Ezra Hyland, who teaches Butler in a college course, traveled from Minneapolis in hopes of gathering more insights. Same for Salina Gray, who teaches elementary school in Watts. Gray signed up because she uses speculative fiction in her classroom to press her students to think about their lives more imaginatively, to place themselves in spaces they’ve never been.

“You finally get this sense that we are no longer absent from the helm,” said Due in her Saturday morning session, “Writers Voice.” Due, the daughter of two civil rights activists, grew up in an integrated suburb of Miami. “I was a black kid from the suburbs who was then bussed back to the inner city” -- a mystery on both sides of town, said Due. “I looked for myself in a lot of different places.”

Reading and writing became her salvation. But in the beginning, she found that “most of my characters were white. If I made a conscious decision to write about black people, it would be the ‘hood.

“But that wasn’t my experience or upbringing either. Every time if I wanted to write about something closer to my own experience, the characters’ suddenly became white. It was completely unconscious, and I needed to examine it.”

What helped unlock it was looking at speculative and supernatural texts in which all the rules and walls came down and she could see her characters outside the contexts of time and expectations. Her book “The Between,” a speculative thriller peopled by black characters, gave her space to examine the issues that affected her black middle-class life, which was often invisible in books.

“So in that sense it was a political act. For so long, black people have been working in someone else’s universe,” Due said.

There is an old Richard Pryor saw that’s telling. So much so that it was told and retold -- embellished or flubbed -- over the course of the weekend:

“They had a movie of the future called ‘Logan’s Run,’ ” he once said. “Ain’t no [black people] in it. I said, well, white folks ain’t planning for us to be here. That’s why we gotta make movies. Then we’ll be in the pictures.”

But it wasn’t just “Logan’s Run.” It was the first “Star Wars.” It was shelf upon shelf of sci-fi books. It was the Tomorrowland posters at Disneyland. It was publishers’ rendering black characters white on book covers fearing loss of sales. The not-so-hidden implication, many have begun to understand: That’s why we’ve got to write the books. Then we’ll be in the picture.

“Science fiction opened a door for me,” said novelist Walter Mosley, best known for his crime novels but who has also written in the sci-fi genre (“Blue Light” and “Futureland”). “It’s a very powerful tool.
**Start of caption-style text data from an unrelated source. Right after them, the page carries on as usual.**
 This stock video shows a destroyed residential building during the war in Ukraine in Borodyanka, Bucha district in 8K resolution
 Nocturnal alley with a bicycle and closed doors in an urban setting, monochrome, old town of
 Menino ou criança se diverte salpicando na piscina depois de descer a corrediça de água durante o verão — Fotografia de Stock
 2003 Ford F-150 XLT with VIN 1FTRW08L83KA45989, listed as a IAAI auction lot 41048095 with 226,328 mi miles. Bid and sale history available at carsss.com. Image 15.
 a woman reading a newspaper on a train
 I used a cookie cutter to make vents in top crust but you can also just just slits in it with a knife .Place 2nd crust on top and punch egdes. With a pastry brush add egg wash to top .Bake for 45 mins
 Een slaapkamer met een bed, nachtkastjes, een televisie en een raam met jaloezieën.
The world as we know it is so out of control. It’s about using your imagination. It’s about play. I can use any words I want to. I could talk about ‘cerulean light’ and not be told ‘a black person wouldn’t speak like that!’ ”
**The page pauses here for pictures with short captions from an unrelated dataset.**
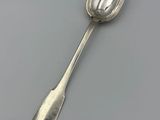 silver spoon with a spoon handle on a white surface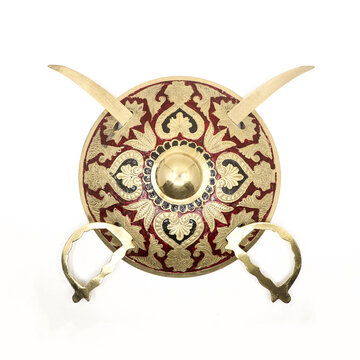 vintage sword and shield talwar weapon of warriors, handcrafted in gold with floral pattern, used by the royal guards and soldiers of the king isolated in a white background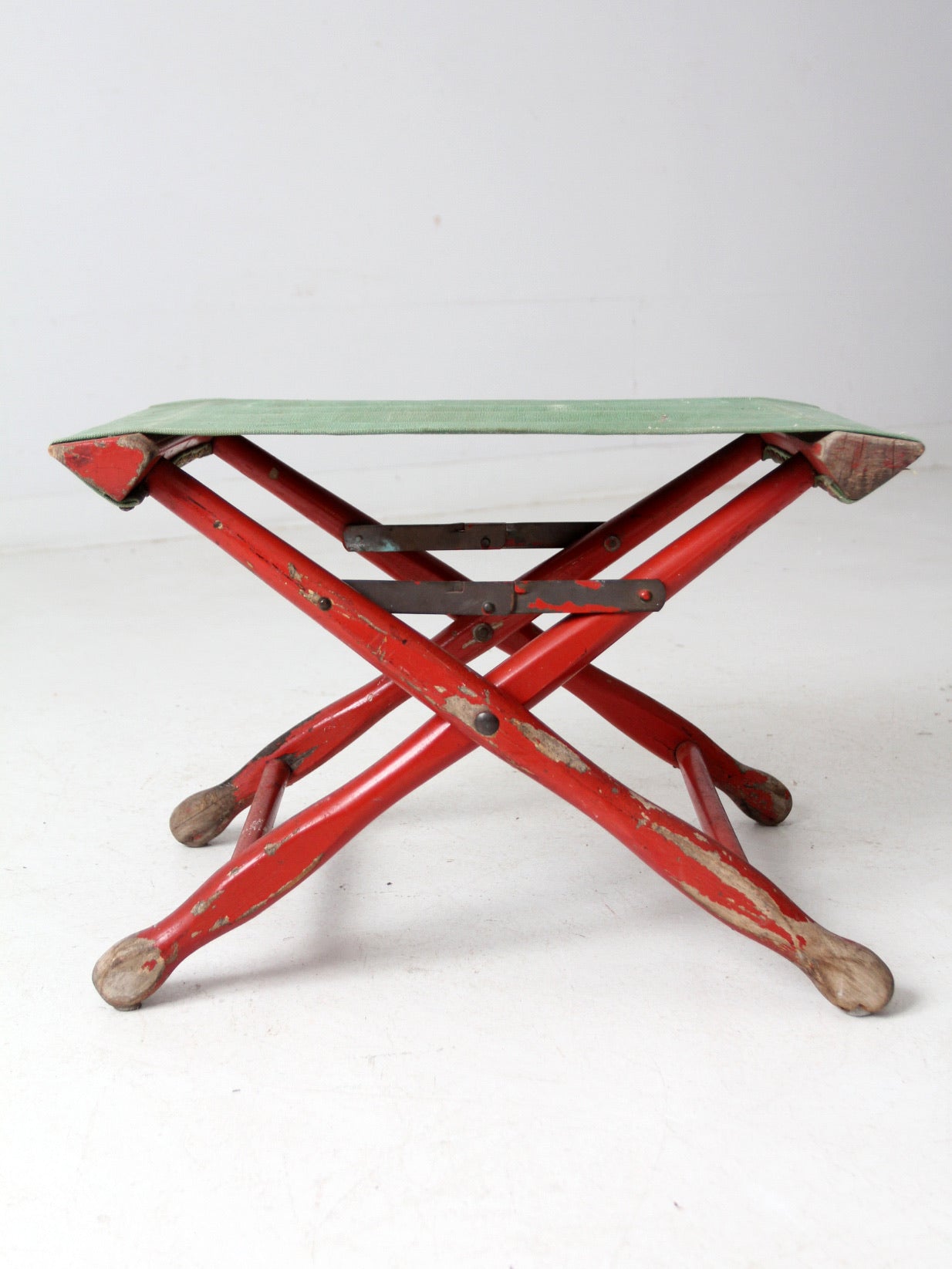 vintage red and green x-frame camp stool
But it’s been a struggle because of a nasty precedent of offensive, racist depictions in fantasy and sci-fi classics by Edgar Rice Burroughs, Robert Heinlein and others. “The problem is, you have to be inspired by it,” observed Due, “and, frankly, even still, not many black people are.”

It’s very clear that’s changing.

By Sunday there’s just been a world of soul searching and charged conversation and networking. At open mike, half a dozen writers stand at the dais to read from journals and single pages: meditations on the dangers of “little girls with padlocked minds”; re-imaginings of Yoruba tales and spells; one young man’s “mythology of my own design.”
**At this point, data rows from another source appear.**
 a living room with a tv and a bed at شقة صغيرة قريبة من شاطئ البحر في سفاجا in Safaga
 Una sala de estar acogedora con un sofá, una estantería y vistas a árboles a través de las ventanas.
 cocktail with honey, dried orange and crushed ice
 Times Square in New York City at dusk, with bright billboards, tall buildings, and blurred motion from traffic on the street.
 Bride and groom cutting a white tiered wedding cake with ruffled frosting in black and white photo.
Steven Barnes, perhaps the most visible black sci-fi writer currently and the first African American to pen one of the “Star Wars” novelizations (“The Hive”), wraps up the weekend sessions with a talk that is more motivational than writer’s how-to.

Barnes had a hardscrabble life. “I grew with a mother and sister, and they loved me. But they couldn’t teach me how to be a man. Without my dad here, fiction talked to me about who I was. It was important for me to see myself as heroic ... and powerful.”

Stories, said Barnes, “created us. Not the other way around. You have to ask yourself: What will my future be? You have to build a bridge.”